RFC: https://discourse.llvm.org/t/rfc-tensor-pack-and-tensor-unpack/66408/1

Diff Detail

Event Timeline

chelini created this revision.Nov 16 2022, 4:35 AM
chelini requested review of this revision.Nov 16 2022, 4:35 AM
rengolin added inline comments.Nov 16 2022, 5:20 AM
mlir/include/mlir/Dialect/Tensor/IR/TensorOps.td
1771

Shouldn't we have a similar for unpack? getUnpackedType?

mlir/lib/Dialect/Tensor/IR/TensorOps.cpp
3187

Merge ifs?

3211

why is this a lambda?

mlir/test/Dialect/Tensor/ops.mlir
354

Missing CHECK lines for the third test

Generally looks good, thanks @chelini !

mlir/include/mlir/Dialect/Tensor/IR/TensorOps.td
1717

Can you rephrase and make it sound more from the point of view of the IR attached to the op?

The pack operation converts an `input` N-D tensor into a 2N-D tensor with tiled and packed layout.
The mandatory `inner_dims_pos` attribute specifies the order in which the original N dimensions are permuted to obtain the data order inside the tile.
The optional `outer_dims_pos` ...
The optional `padding_value` operand specifies a padding value at the boundary on non-perfectly divisible dimensions:
  - if absent: ... UB
  - if present: ...
1720

s/tiled loops/tiled data dimensions, there are no loops here

1737

s/outer loops/outer data dimensions, there are no loops here

1771

We usualy call this "inferXXXType" in other places.

1787

similar description to what I suggested above in shorter form.

mlir/lib/Dialect/Tensor/IR/TensorOps.cpp
3070

better name plz: isInvalidPackingPosSpecification ?

3116

use isDynamic plz, we want to remove leaky uses of the magic constant.

3167

avoid leaky magic values plz

3213

I could swear I had a factored out util that implemented a templated form of this .. try to find it ?

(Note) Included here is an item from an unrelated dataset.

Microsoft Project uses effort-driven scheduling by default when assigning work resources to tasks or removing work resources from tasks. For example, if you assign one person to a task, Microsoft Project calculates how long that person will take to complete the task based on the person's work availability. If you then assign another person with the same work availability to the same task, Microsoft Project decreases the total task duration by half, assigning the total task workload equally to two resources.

This revision is now accepted and ready to land.Nov 16 2022, 12:24 PM
mehdi_amini added inline comments.Nov 16 2022, 12:55 PM
mlir/include/mlir/Dialect/Tensor/IR/TensorOps.td
1674

Pure is reserved for operations that don't have any undefined behavior, this does not seem to be the case here.

1695

I don't think we should have member methods that looks like accessors but are actually "heavy processing". Better leave this to free functions (same everywhere else).

1751

Please use DenseI64ArrayAttr. We shouldn't use I64ArrayAttr anywhere moving forward I think.

1782

Typo: unpack

mlir/test/Dialect/Tensor/ops.mlir
328

Please use CHECK-LABEL

335

Please minimize the CHECK to the absolute minimum needed for what you intend to test.

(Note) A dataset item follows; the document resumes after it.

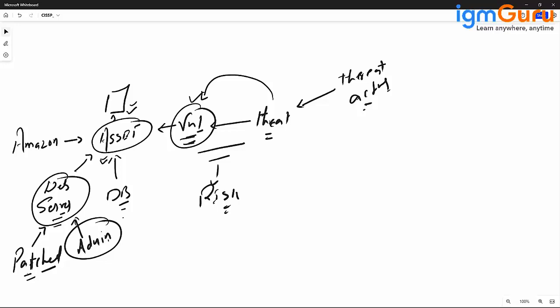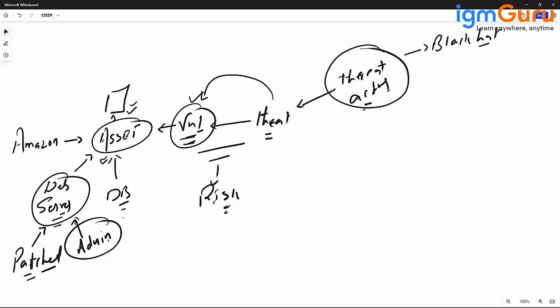Some attributes of threat actors: they could be internal or external, there could be a motivation, and there is a level of sophistication assigned. There could be a fair amount of damage done to the organization. Importantly, threat actors are also commonly called hackers, and hackers are generally categorized into three categories. The first is called black hat hackers — persons or groups with bad intention who can cause damage.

mehdi_amini requested changes to this revision.Nov 16 2022, 12:55 PM
This revision now requires changes to proceed.Nov 16 2022, 12:55 PM
hanchung requested changes to this revision.Nov 16 2022, 2:24 PM
hanchung added inline comments.
mlir/include/mlir/Dialect/Tensor/IR/TensorOps.td
1717

note that we don't require the op to pack all the dimension. It is not always packing a N-D tensor into a 2N-D tensor. E.g., we can pack something like NHWC to NHWChw.

1720

+1, tiled data dimensions makes more sense to me. There are no loops.

mlir/lib/Dialect/Tensor/IR/TensorOps.cpp
3010–3012

Returns, and maybe we can format it a bit like

/// Returns ... is invalid when:
///   a) ..
///   b) ..
///   c) ..
3014

it is a redundant comment to me. I'd delete it.

3030

It also accepts equal case. How about renaming it to areAllInBound?

3075

s/less or equal than/less than or equal to

3170–3176

[optional] I'd use continue for having less indents. It can save one level of nesting. E.g.,

if (it == dimTileMapping.end())
  continue;
Optional<int64_t> cstTileValue = ...
if (!cstTileValue)
  continue;
if (...)
  return true;
3187

It's also used below. Maybe just declare a variable and merge the checks.

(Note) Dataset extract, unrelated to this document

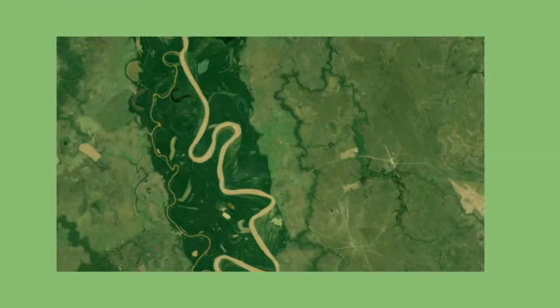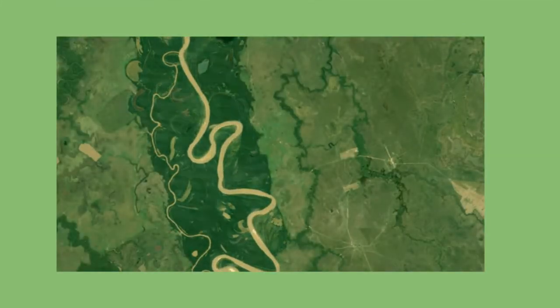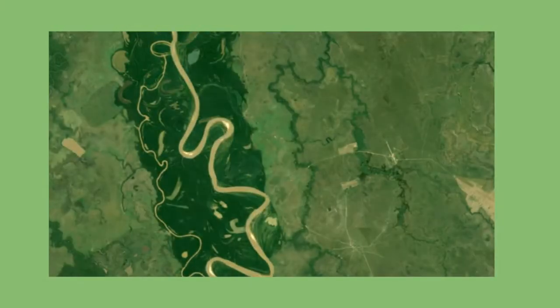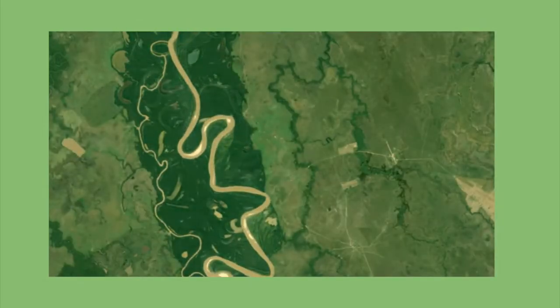Today we're talking about why do rivers curve and how do they do that? So let's get started.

auto paddingValue = getPaddingValue();
if (paddingValue && ... ){ 
  ..
}
3211

I think it's worth for making it a method. We'll need interchange and undoInterchange for tiling implementation. We can add undoInterchange method when upstreaming tiling implementation.

FYI that here is the implementation used in IREE: https://github.com/iree-org/iree/blob/3625adf98f0b87c24a89f8d4101550c1ef1eea44/llvm-external-projects/iree-dialects/include/iree-dialects/Dialect/LinalgExt/Utils/Utils.h#L29-L50

RE Nicolas: I did not find a similar thing when prototyping it in IREE. Maybe I searched with bad keyword. The keyword I used is interchange, like rg --ignore-case 'interchange' **/*.h. :-(

mlir/test/Dialect/Tensor/ops.mlir
320

We should use // ----- to split tests.

I don't know why --split-input-file is not added in the test command (i.e., line 1), but we should add it at least for consistency. That's how we write the tests in this file.

mlir/include/mlir/Dialect/Tensor/IR/TensorOps.td
1695

This is not something specific to this PR.

This is something we have more generally and predates the automatic generation of prefixed getXXX as accessors everywhere AFAIR.

Could you please start an RFC with a call for general cleanup and a proposal for properly naming these getters of derived information?
I don't think free functions is reasonable here, there is a prohibitive cognitive cost in finding those functions when not attached to the op directly.
Additionally, does that thinking also carry to interfaces?

chelini updated this revision to Diff 476065.Nov 17 2022, 2:55 AM
chelini marked 23 inline comments as done.

Use NoMemoryEffect instead of Pure as the operation may trigger UB.

Update pack and unpack documentation as suggested.

Switch to use DenseI64ArrayAttr for all attributes but static_inner_tiles.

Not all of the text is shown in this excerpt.